Grandes equívocos ambientais são provocados pela busca da
riqueza. A política amazônica do governo é um equívoco provocado pela busca da
pobreza. Ameaça destruir a biodiversidade em busca de minério, ignorando que o
maior valor está sendo destruído.
Se tudo se desse apenas num espaço da economia, já seria um
erro. Diante dos olhos do mundo, o governo Bolsonaro se comporta como um aprendiz
de feiticeiro. Inclusive com respostas patéticas. Bolsonaro divulgando vídeo de
caça à baleia na Dinamarca e acusando a Noruega. Onyx afirmando que a pressão
europeia se deve a interesses econômicos, sobretudo porque a esquerda no
Pós-Guerra abraçou a ecologia. Macron não é de esquerda; muito menos Angela
Merkel. O secretario-geral da ONU?
Desde o princípio, sabia que isso ia ser problemático para o
Brasil. Bolsonaro não percebeu que, além das ONGs e dos políticos mundiais,
existem milhões no planeta que consideram a Amazônia um bem da Humanidade.

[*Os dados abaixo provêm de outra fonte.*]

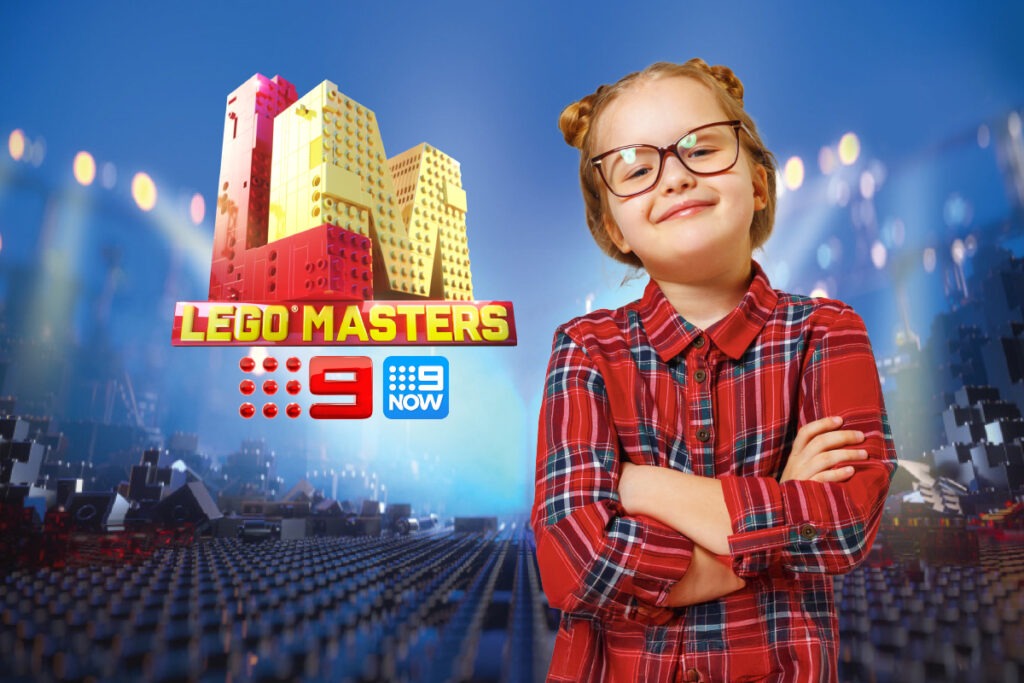 Rocketeers LEGO Masters | Camp Australia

Importante que saibam também que existem brasileiros contra
a política de Bolsonaro. Mesmo porque depositam nas costas do brasileiro no
exterior um fardo que não é dele. De alguma forma, é preciso mostrar que a
visão do governo não é a visão do Brasil. Considerando as condições históricas,
a política de Bolsonaro é apenas um desvario. Ela contraria até as forças que o
apoiaram, como os setores do agronegócio.
No quartel, ouve-se às vezes o grito “meia-volta, volver”.
De um modo geral, vem do oficial superior. Quem vai gritar “meia-volta, volver”
para Bolsonaro será uma grande parte da Humanidade. Vamos testar o seu ouvido.
Infelizmente, já existe um desgaste para a imagem
internacional do pais. É hora de reduzir os danos.